07-06-25 Bij entree van de locatievoorstelling Sabbath krijgen de bezoekers een gifgroen drankje uitgereikt, een heksendrankje zogezegd. We zijn op het Karavaan Festival in Landgoed Ter Coulster in Heiloo, een buitenplaats met dicht bos die al in de late middeleeuwen wordt genoemd. Dit is de plek die choreograaf Niek Wagenaar met met zijn dansgezelschap Nymphs heeft uitgekozen voor een dansvoorstelling over heksen en donkerte, over queerness en mysterie.
Op een open plek in het bos komen drie performers samen. Ze zijn in lange zwarte kledij gehuld, naar ontwerp van Polina Skaia. Ergens aan een boom geeft de maan licht in diverse schijngestalten, van vol tot eerste kwartier; tegen het slot verandert die in een felrode schijf.
Eerst bewegen de dansers zich geheimzinnig op de achtergrond door het bos, geleidelijk komen ze dichterbij. Dit is een rituele ontmoetingsplek. De compositie van Tom van Wee is een indringend klanklandschap met golvende elektronische bewegingen, dwingende ritmes en ruisende sferen. Het herinnert aan Carmina Burana, maar dan van deze tijd. Of The Planets van de Britse componist Gustav Holst. In elk geval is het de perfecte muziek om een heksensabbat zoals Wagenaar die voor ogen staat te verbeelden.
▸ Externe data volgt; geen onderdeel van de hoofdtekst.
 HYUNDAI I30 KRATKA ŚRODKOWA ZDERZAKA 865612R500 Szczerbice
Verwacht geen hekserij in de traditionele betekenis van het woord, maar een uitgekiende choreografie waarbij de drie dansers (Nina Keijzer, Filippo Gualandris en Linde Wagemakers) zich nagenoeg synchroon bewegen. Daarbij is een speciale rol is weggelegd voor soms zeer gedetailleerd hand- en vingerbewegingen. In thematisch opzicht vormt het drietal sterke betrokkenheid op elkaar, waardoor ze een eenheid vormen. Wagenaar is in 2021 afgestudeerd aan de Amsterdamse Academie voor Theater en Dans en volgde daarin de opleiding Urban Contemporary. Het heksachtige waarop het festival en Wagenaar zelf zo het accent leggen, is niet makkelijk terug te vinden, in elk geval niet op anekdotisch niveau.
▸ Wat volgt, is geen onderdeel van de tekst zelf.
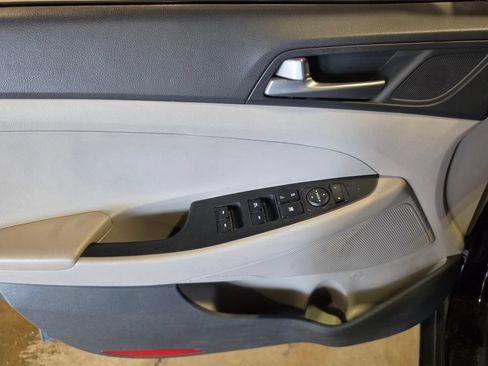 Used 2017 Hyundai Tucson Sport AWD/4WD image 5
De knappe dans is gevarieerd, rijk en dynamisch, met tal van bewegingen die verstrengeling en loslaten uitdrukken. Individu en groep, dat is de ritmiek. Elk van de drie dansers heeft een specifiek eigen bewegingspatroon, van ingehouden tot explosief. Soms is de dans vertellend, waarbij bijvoorbeeld het kijken of het juist niet-kijken, dus handen op de ogen, bepalend zijn.
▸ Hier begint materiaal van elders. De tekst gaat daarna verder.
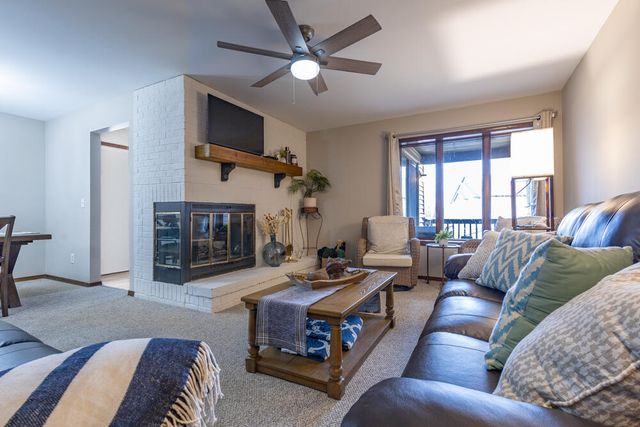 5070 Sandy Beach C, Crown Point, IN 46307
Het lichtontwerp en de scenografie van Rodrigo Ribeiro passen bij deze locatie. Vanuit de dichte begroeiing schijnt licht op de dansplek, soms hard licht dat de dansers transformeert tot krijtwitte figuren, dan rood. De dansers hebben het meeste weg van boswezens die zich soms als lianen met elkaar vervlechten. Aan het slot, wanneer het licht in de maan is uitgedoofd, zullen ze verdwijnen in het duister, en is de rituele samenkomst voorbij.